Benefits of EMR Notebooks

One of the useful features of EMR Notebooks is the separation of the notebook environment from your underlying cluster infrastructure. The separation makes it easy for you to execute notebook code against transient clusters without worrying about deploying or configuring your notebook infrastructure every time you bring up a new cluster. You can create multiple serverless notebooks from the AWS Management Console for EMR and access the notebook UI without spending time setting up SSH access or configuring your browser for port-forwarding. Each notebook you create is launched instantly with its own Spark context. This capability enables you to attach multiple notebooks to a single shared cluster and submit parallel jobs without fear of job conflicts in a multi-tenant environment. This way you make efficient use of your clusters.
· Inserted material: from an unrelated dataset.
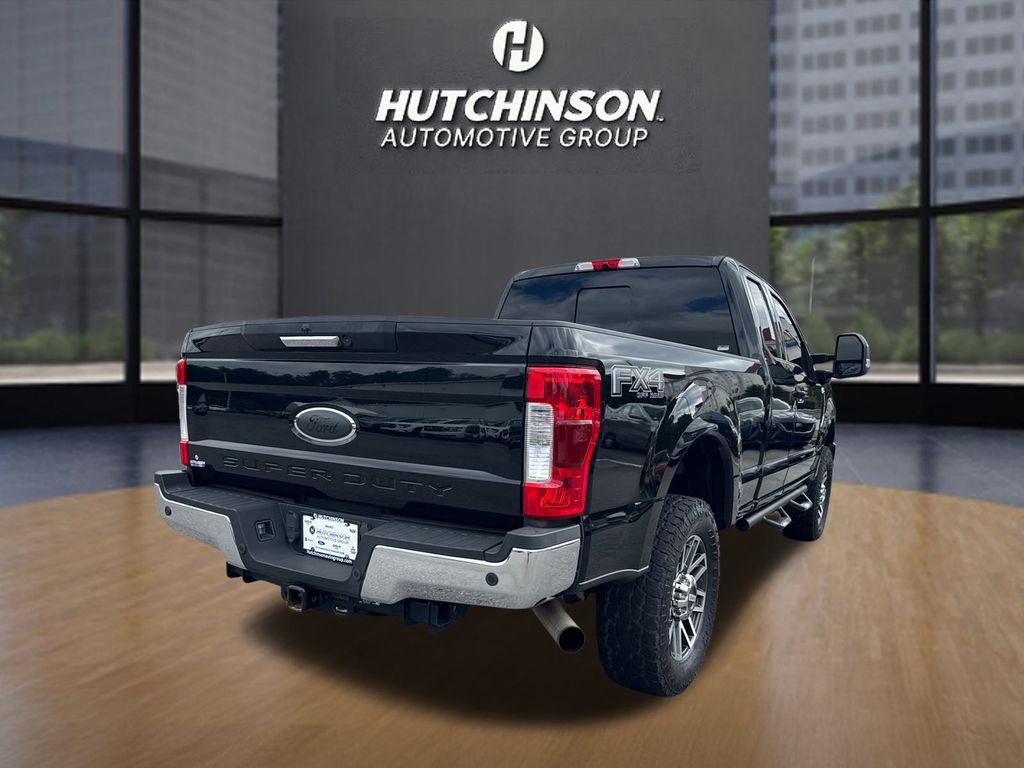 2018 Ford F-250 photo 2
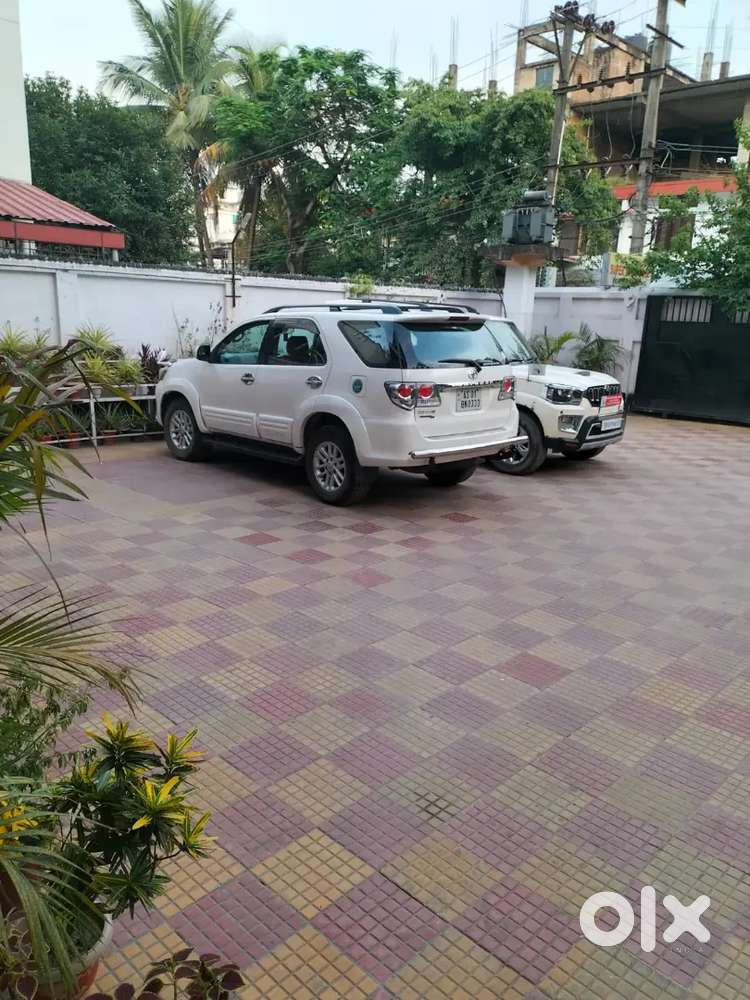 Toyota Fortuner 2014 Diesel 2nd Owner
You can also connect EMR Notebooks to an EMR cluster as small as a one node. This gives you a budget-friendly sandbox environment to develop your Spark application.

Finally, with EMR Notebooks, you don’t have to spend time to manually configure your notebook to store files persistently. Your notebook files are saved automatically to a chosen Amazon S3 bucket periodically so you don’t have to worry about losing your work if your cluster is shut down. You can retrieve your saved notebooks from the console or download it locally from your S3 bucket in Jupyter “ipynb” format.

Detaching and attaching EMR Notebooks to different clusters

With EMR Notebooks, you can detach an active notebook from a cluster and attach it to a different cluster and promptly resume your work. This capability can be useful in scenarios where you want to move your notebook from a sandbox development cluster to a production environment or attach to a different cluster with appropriate CPU or memory resources and library packages required to execute your notebook against large datasets. To detach an active notebook:

First select the notebook name and then choose Stop.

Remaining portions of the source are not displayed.